Of course, it's entirely possible that the theory of relativity is simply wrong on some
fundamental level where quantum mechanics "takes over". In fact, this is probably the
majority view among physicists today, who hope that eventually a theory uniting gravity
and quantum mechanics will be found which will explain precisely how and in what
circumstances the classical theory of relativity fails to accurately represent the operations
of nature, while at the same time explaining why it seems to work as well as it does.

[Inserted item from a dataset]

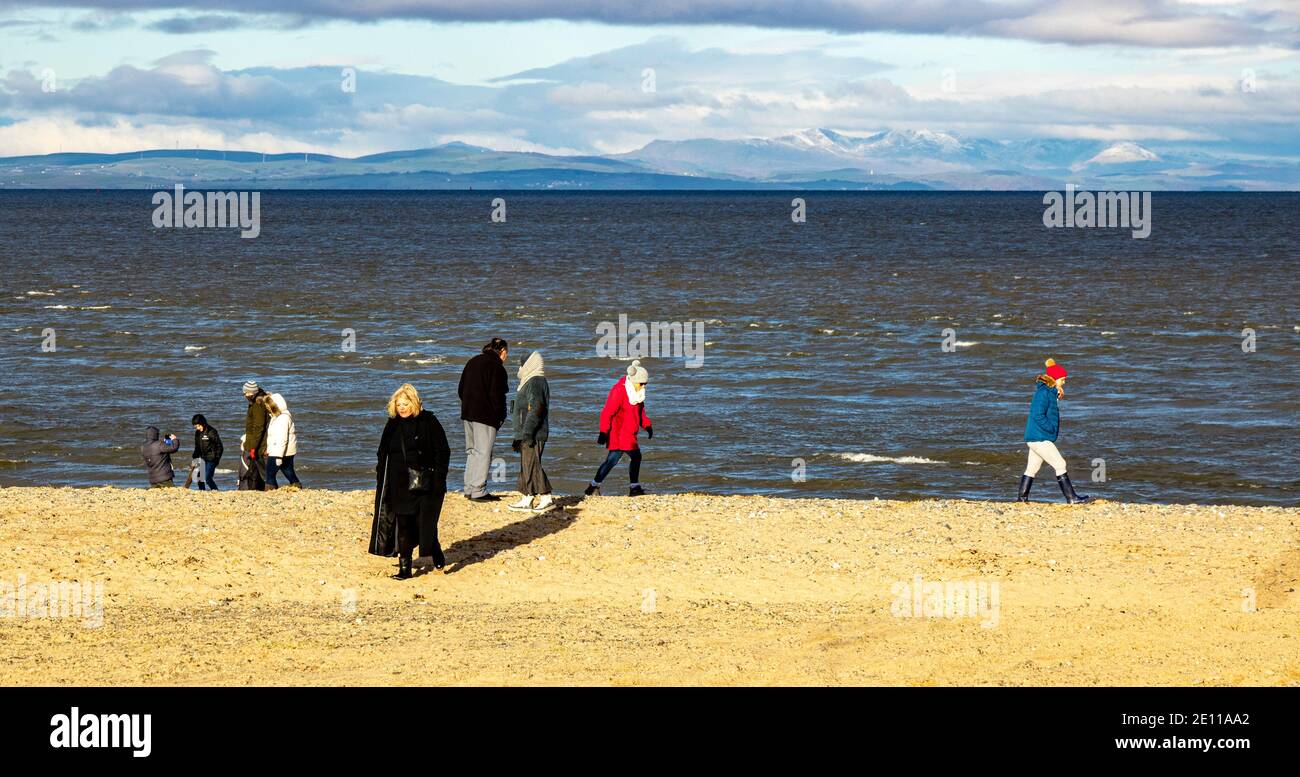 Passeggiata invernale sulla spiaggia di Rossall, Fleetwood Foto Stock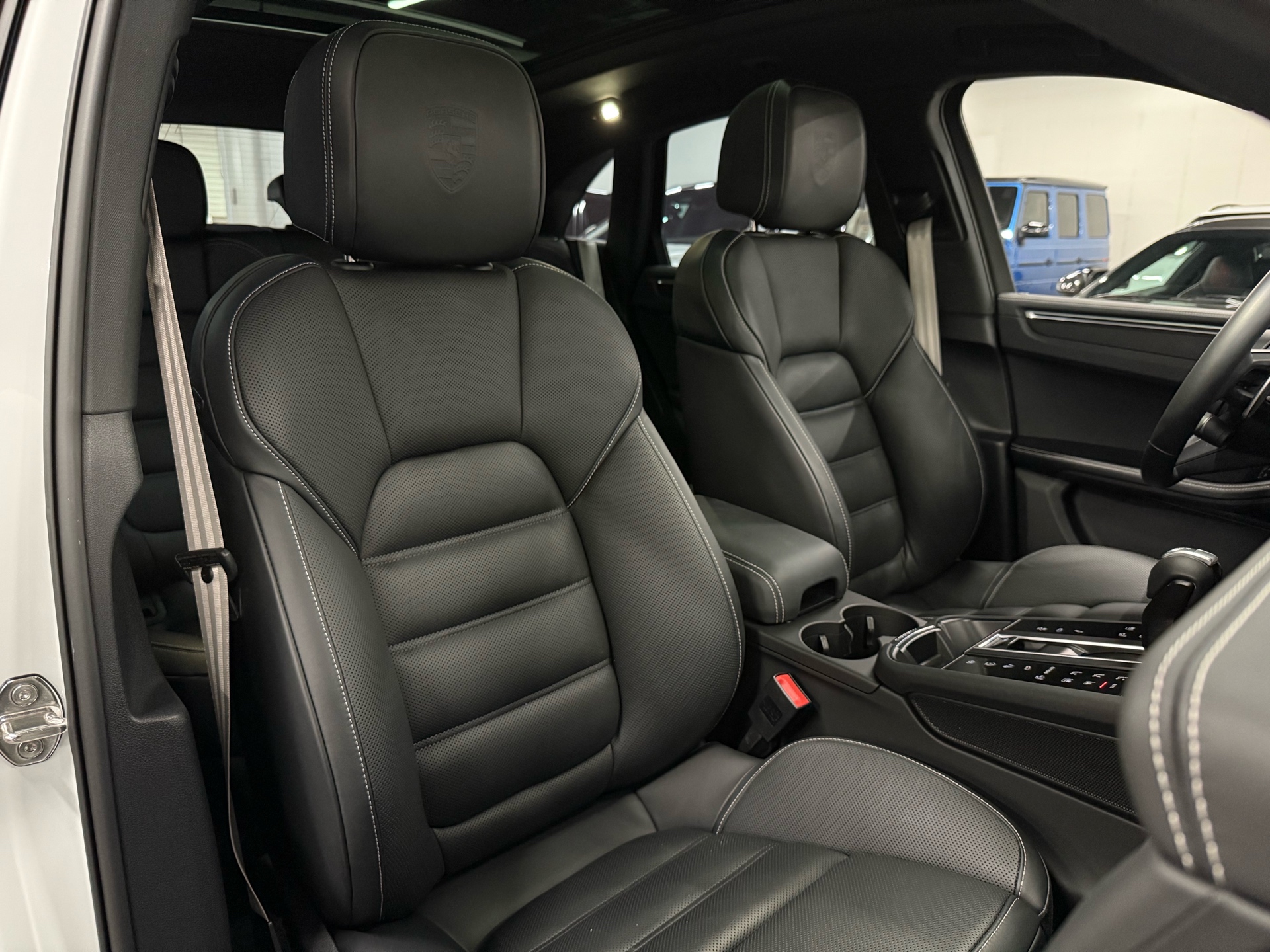 2023 Porsche Macan T, Toronto, Cash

However, it may be worthwhile to remember previous periods in the history of physics
when the principle of relativity was judged to be fundamentally inadequate to account for
observed phenomena. Recall Ptolemy's arguments against a moving Earth, or the 19th
century belief that electromagnetism necessitated a luminiferous ether, or the early-20th
century view that special relativity could never be reconciled with gravity. In each case a
truly satisfactory resolution of the difficulties was eventually achieved, not by discarding
relativity, but by re-interpreting and extending it, thereby gaining a fuller understanding
of its logical content and consequences.